Hamilton + DBT in 5 minutes
A quick walkthrough of using these two open source projects together
A quick walkthrough of using these two open source projects together
In this post, we’re going to show you how easy it is to run Hamilton inside a DBT task. Making use of DBT’s exciting new python API, we can blend the two frameworks seamlessly.
Hamilton is a declarative micro-framework to describe dataflows in python. For example, it’s excellent for expressing the flow of feature transformations and their connection to fitting machine learning models.
DBT is a framework for helping one to describe dataflows that are comprised of SQL, and now with their latest feature, even python!
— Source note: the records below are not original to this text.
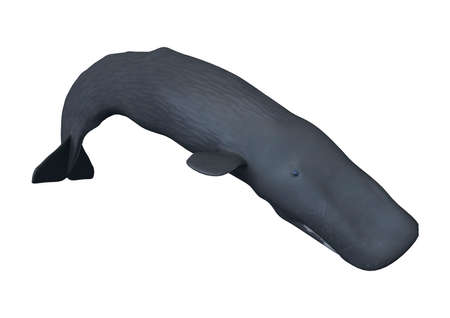 3D rendering of a sperm whale or Physeter macrocephalus or cachalot isolated on white backgroundの写真素材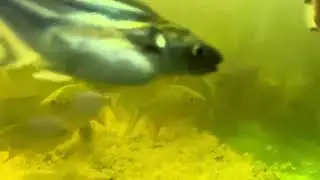 Mini pound / Big Aquarium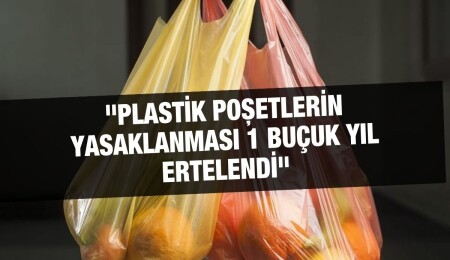 Hasan Sarpten: Hükümet, naylon poşet yasağı konusunda geri adım attı 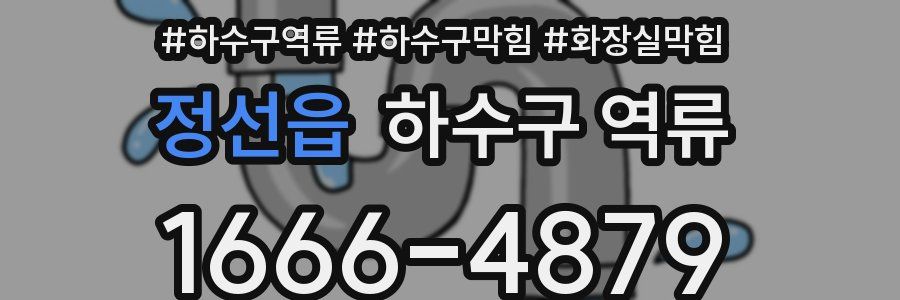 정선읍 하수구 역류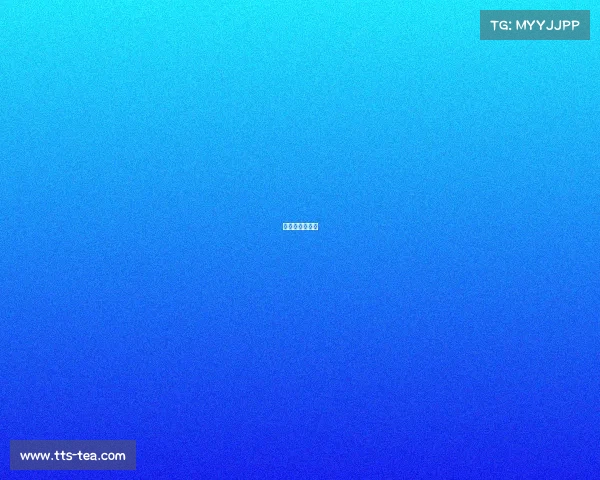 国际搏击干嘛呢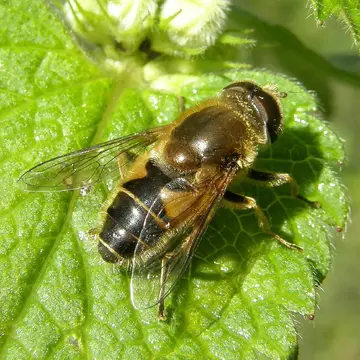 Eristalis (Eoseristalis) interrupta (Poda, 1761):118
While the two frameworks might look incompatible or even competitive at first glance, DBT and Hamilton are actually quite complementary.
DBT is best at managing SQL logic and handling materialization, while Hamilton excels at managing python transforms; some might even say that Hamilton is the “DBT for python functions”.
DBT contains its own orchestration capabilities, whereas Hamilton relies on an external framework that runs python code to execute what you’ve defined.
DBT does not model transformations at the level of “columns”, but instead at the level of “tables”. Hamilton thrives at enabling a user to describe “columnar” transformations, as well as “tabular” ones, in a readable, maintainable, python first way.
DBT is focused on analytic/warehouse-level transformations, whereas Hamilton thrives at expressing ML-related transforms.
At a high-level, DBT can help you get the data/run large-scale operations in your warehouse, while Hamilton can help you make a machine learning model out of it. DBT can help with the testing and documentation story for SQL. Hamilton can help with the software engineering best practices, testing, and documentation story for your python code (e.g. Tidy Production Pandas with Hamilton) !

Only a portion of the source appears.